RECORDS SUPPLIED: Begin

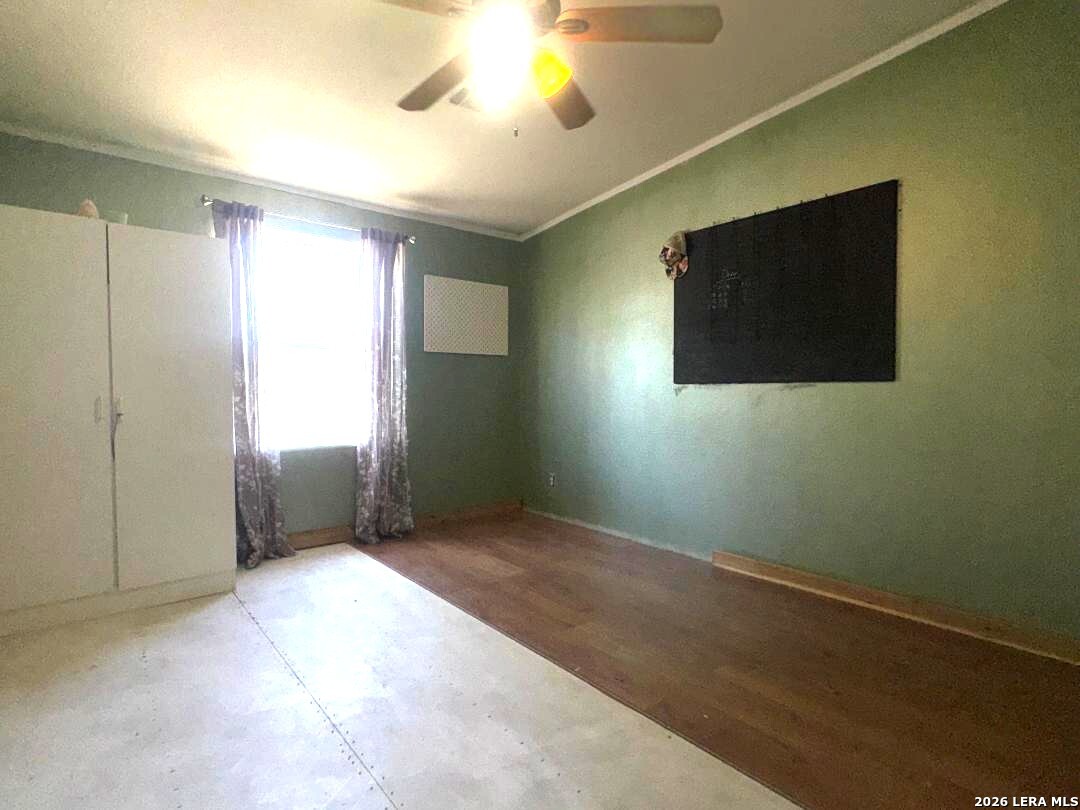 435 N Trail Pleasanton, TX 78064 - Photo 14 of 19 a view of a livingroom with a chandelier fan and a window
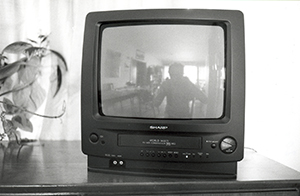 Reflection on the screen of a TV with video recording capacity built in, Sha Wan Drive, Pokfulam, 20 April 1997
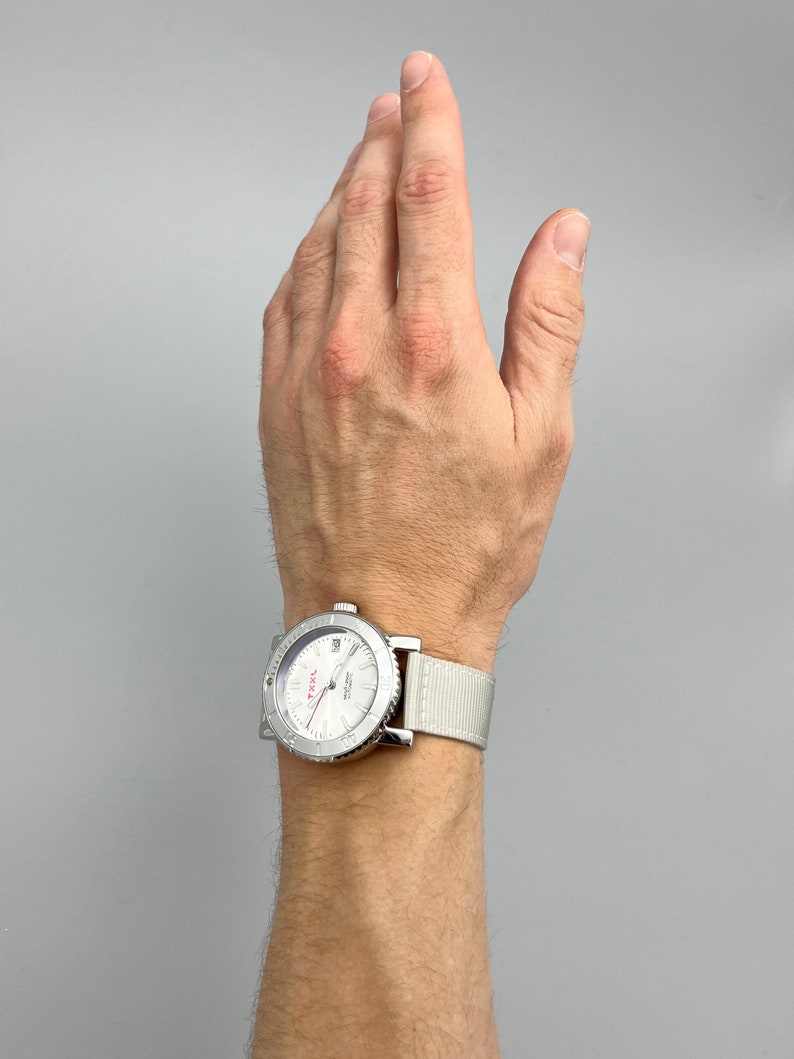 Puede incluir: Un reloj de pulsera plateado con una esfera blanca y una correa de nailon blanca. La esfera del reloj tiene marcas negras y una aguja de segundos roja.
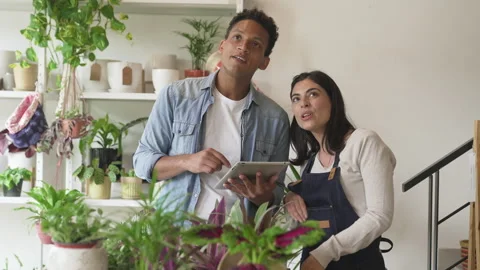Medium front view shot of two diverse small business owners checking inventory Stock Footage 277963190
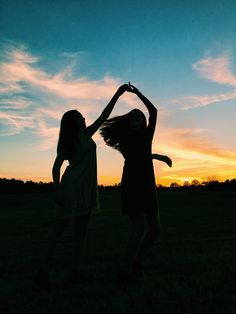 two girls are standing in the grass with their arms up as the sun sets behind them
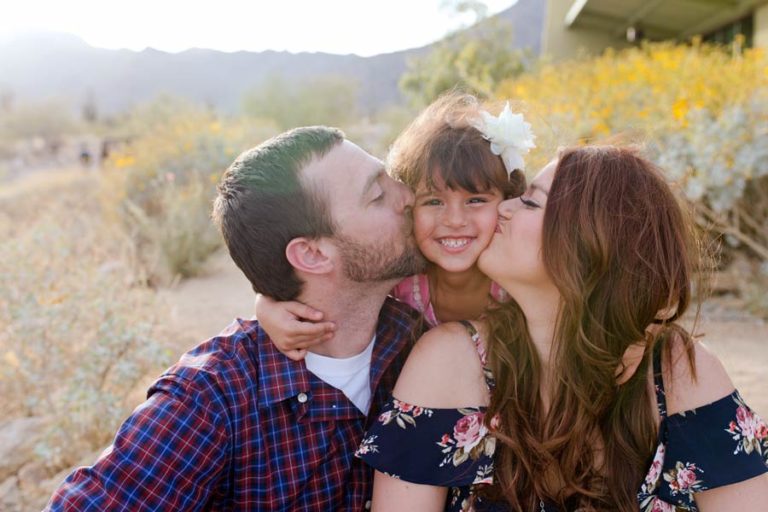 newly marries mom and dad kissing daughter on both chooks while outside with children's photographer danielle jacqueline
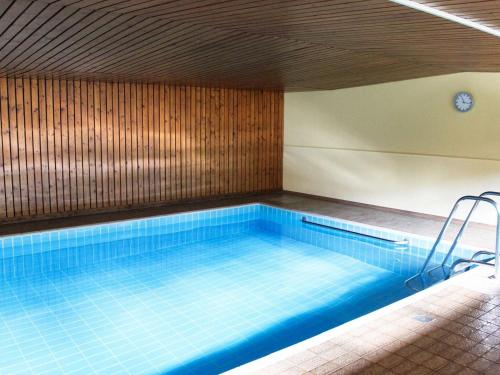 a large swimming pool with a wooden ceiling at Alpenwohnanlage Fewo La Rotonda in Grassau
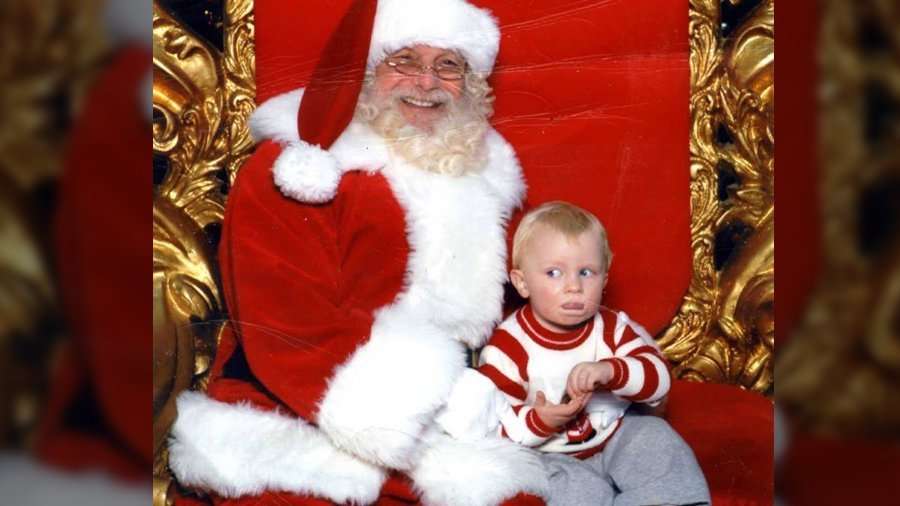 image for Toddler signals ‘help’ in sign language during photo with Santa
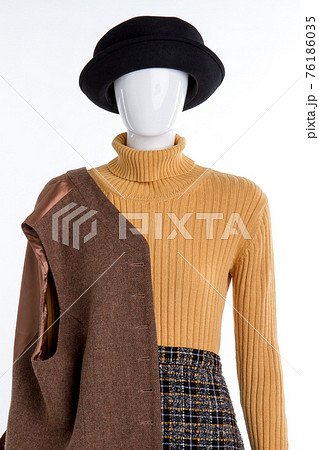 Stylish warm winter clothing on mannequin. Stylish warm winter clothing on mannequin. 76186035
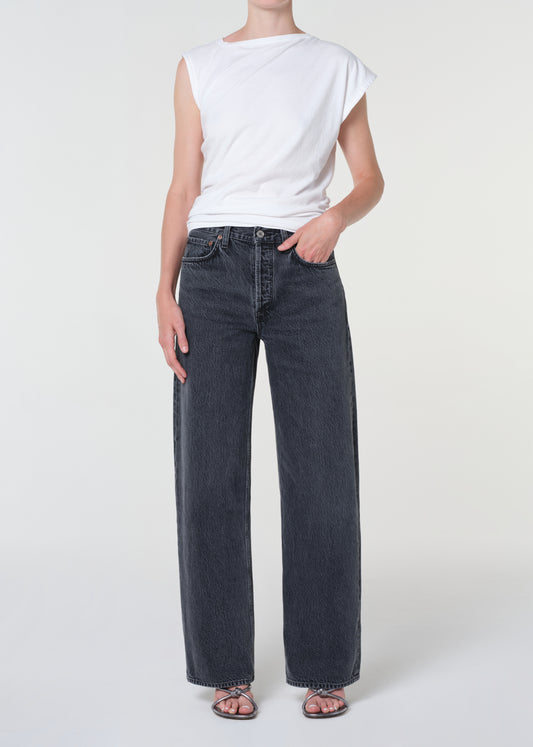 Person wearing a white t-shirt and dark blue jeans on a white background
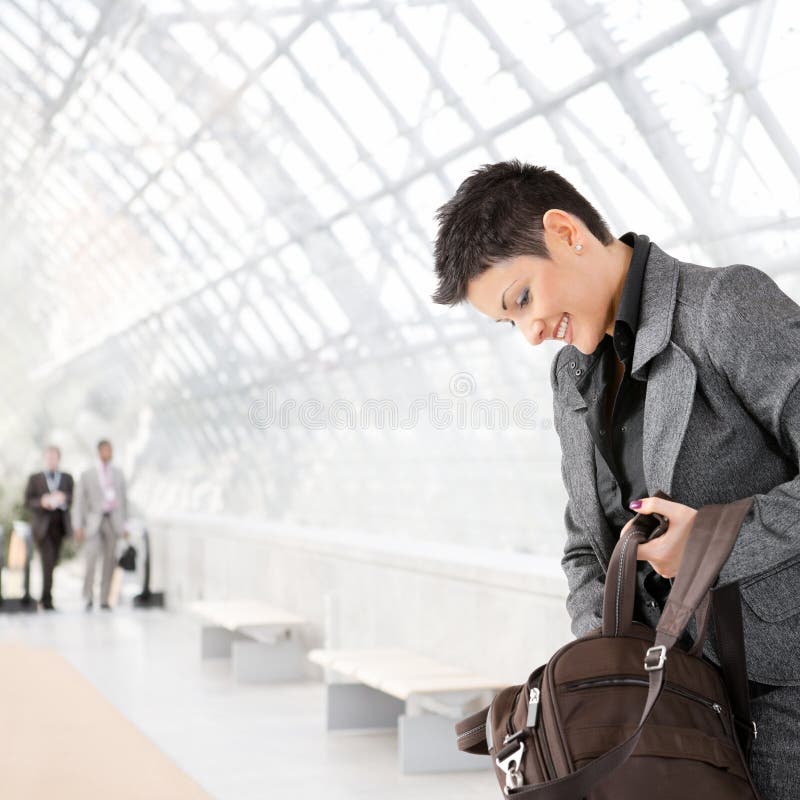 Businesswoman with laptop bag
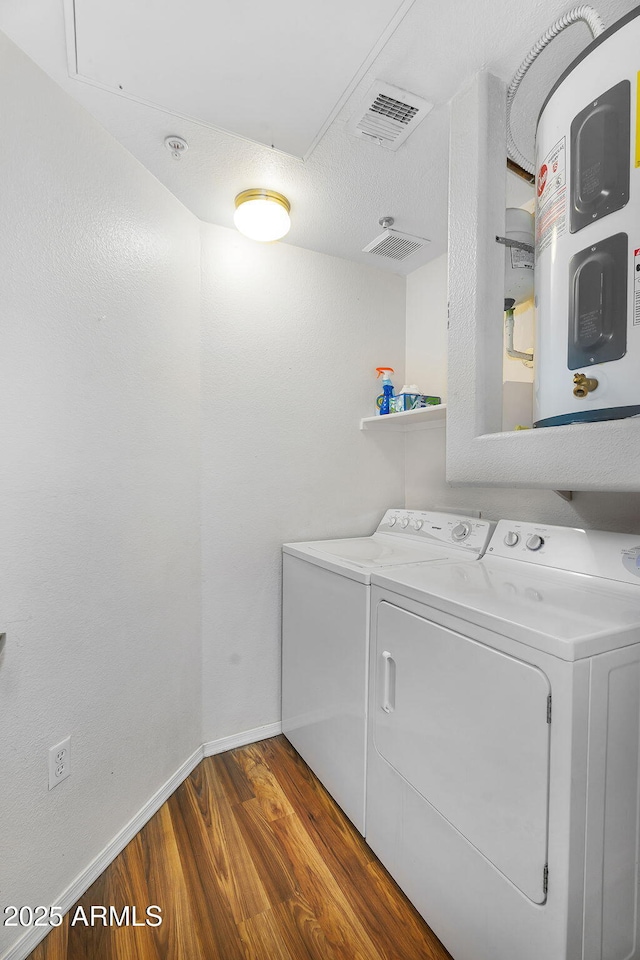 laundry area with laundry area, separate washer and dryer, baseboards, wood finished floors, and visible vents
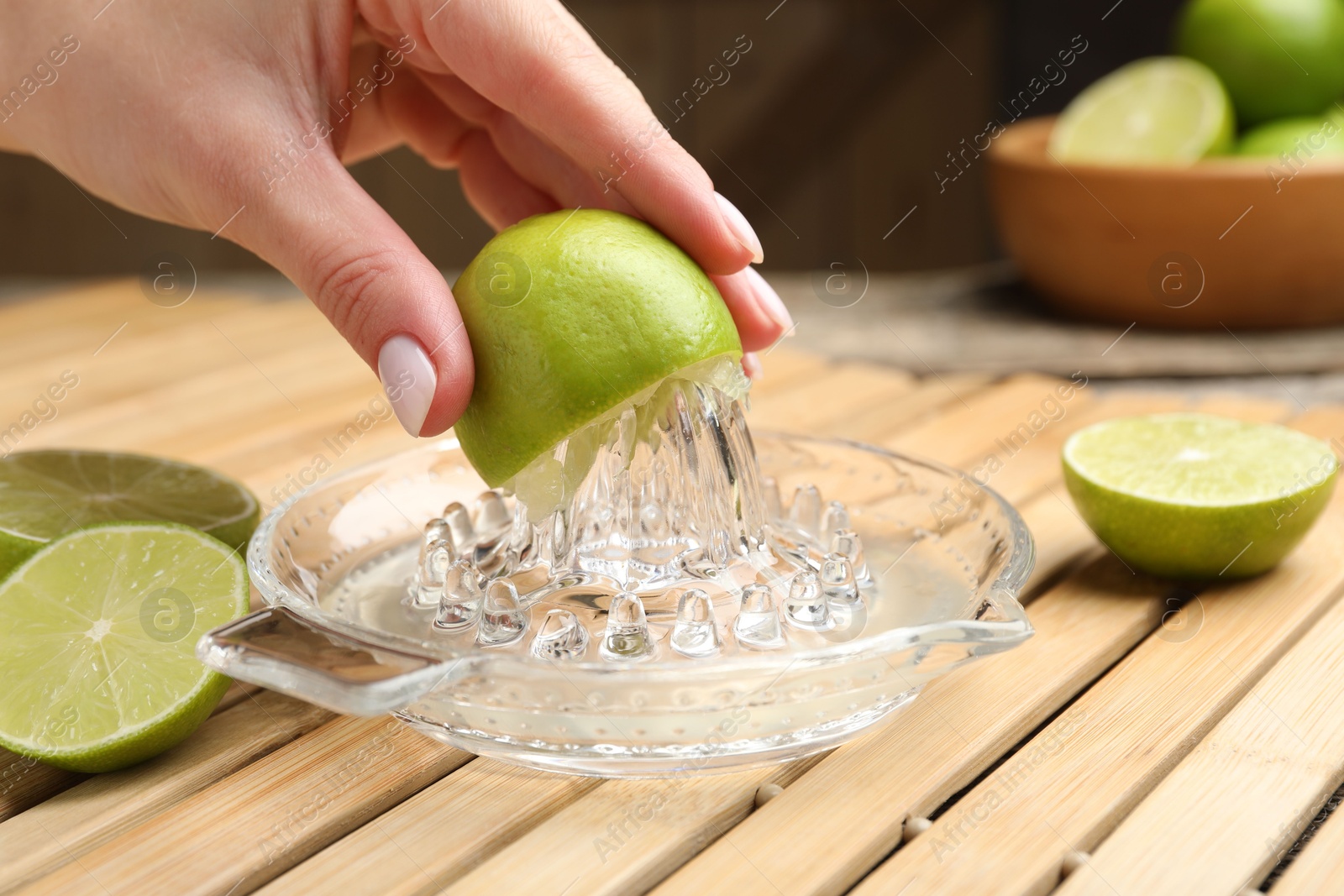 Photo of Woman squeezing juice of fresh lime with juicer at wooden table, closeup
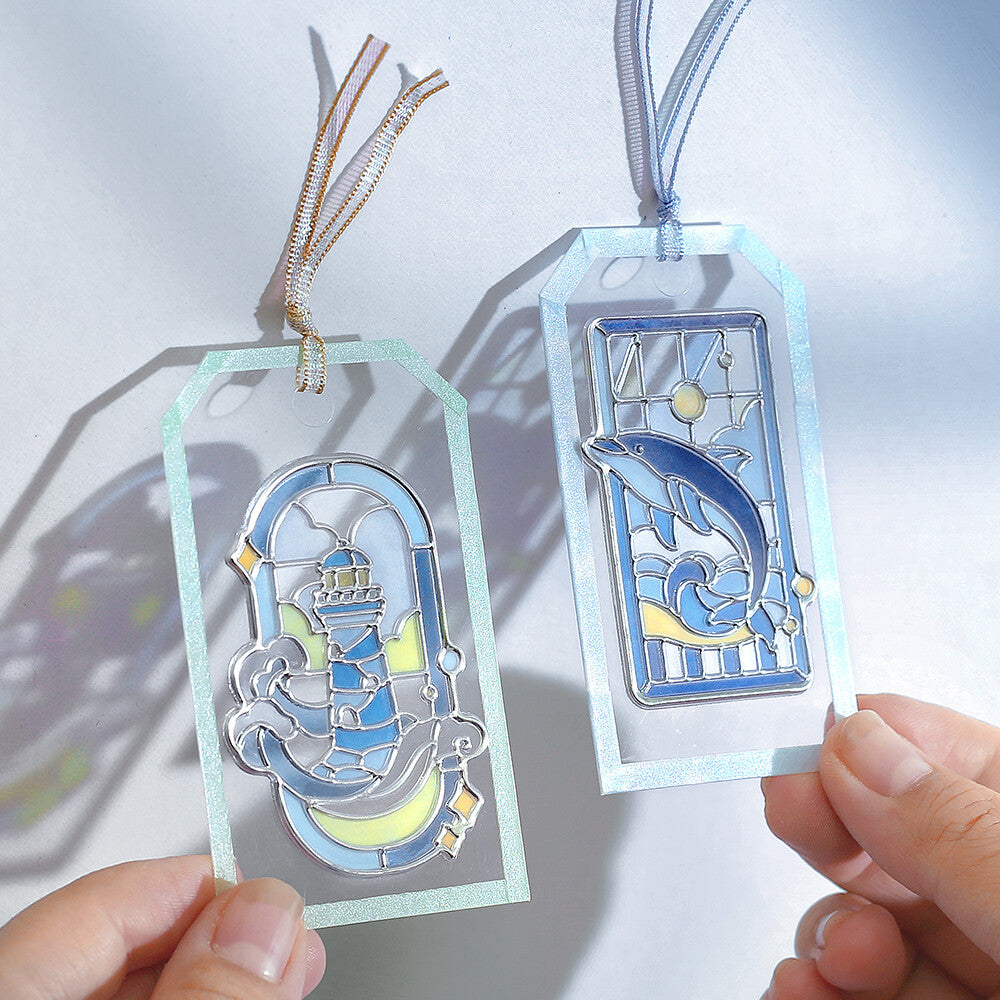 Two blue themed marine stickers on bookmarks with a stained glass design on a white background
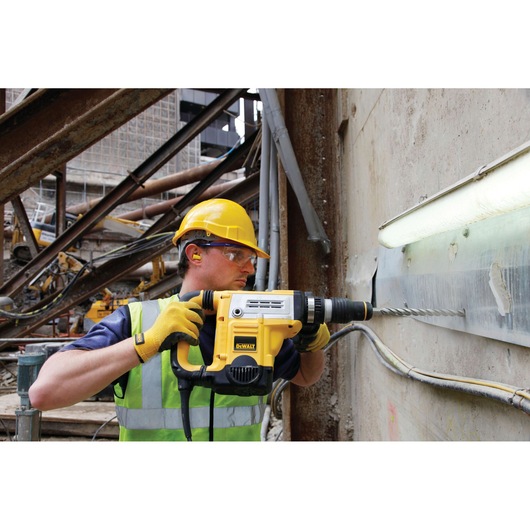 Person using a DEWALT hammer drill to drill into a concrete wall at a construction site.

RECORDS SUPPLIED: End

Print, exactly as written, the lines above from the first one to the one containing "Two blue themed". Leave out pictures.

## EXERCISE RESULT:
 435 N Trail Pleasanton, TX 78064 - Photo 14 of 19 a view of a livingroom with a chandelier fan and a window
 Reflection on the screen of a TV with video recording capacity built in, Sha Wan Drive, Pokfulam, 20 April 1997
 Puede incluir: Un reloj de pulsera plateado con una esfera blanca y una correa de nailon blanca. La esfera del reloj tiene marcas negras y una aguja de segundos roja.
Medium front view shot of two diverse small business owners checking inventory Stock Footage 277963190
 two girls are standing in the grass with their arms up as the sun sets behind them
 newly marries mom and dad kissing daughter on both chooks while outside with children's photographer danielle jacqueline
 a large swimming pool with a wooden ceiling at Alpenwohnanlage Fewo La Rotonda in Grassau
 image for Toddler signals ‘help’ in sign language during photo with Santa
 Stylish warm winter clothing on mannequin. Stylish warm winter clothing on mannequin. 76186035
 Person wearing a white t-shirt and dark blue jeans on a white background
 Businesswoman with laptop bag
 laundry area with laundry area, separate washer and dryer, baseboards, wood finished floors, and visible vents
 Photo of Woman squeezing juice of fresh lime with juicer at wooden table, closeup
 Two blue themed marine stickers on bookmarks with a stained glass design on a white background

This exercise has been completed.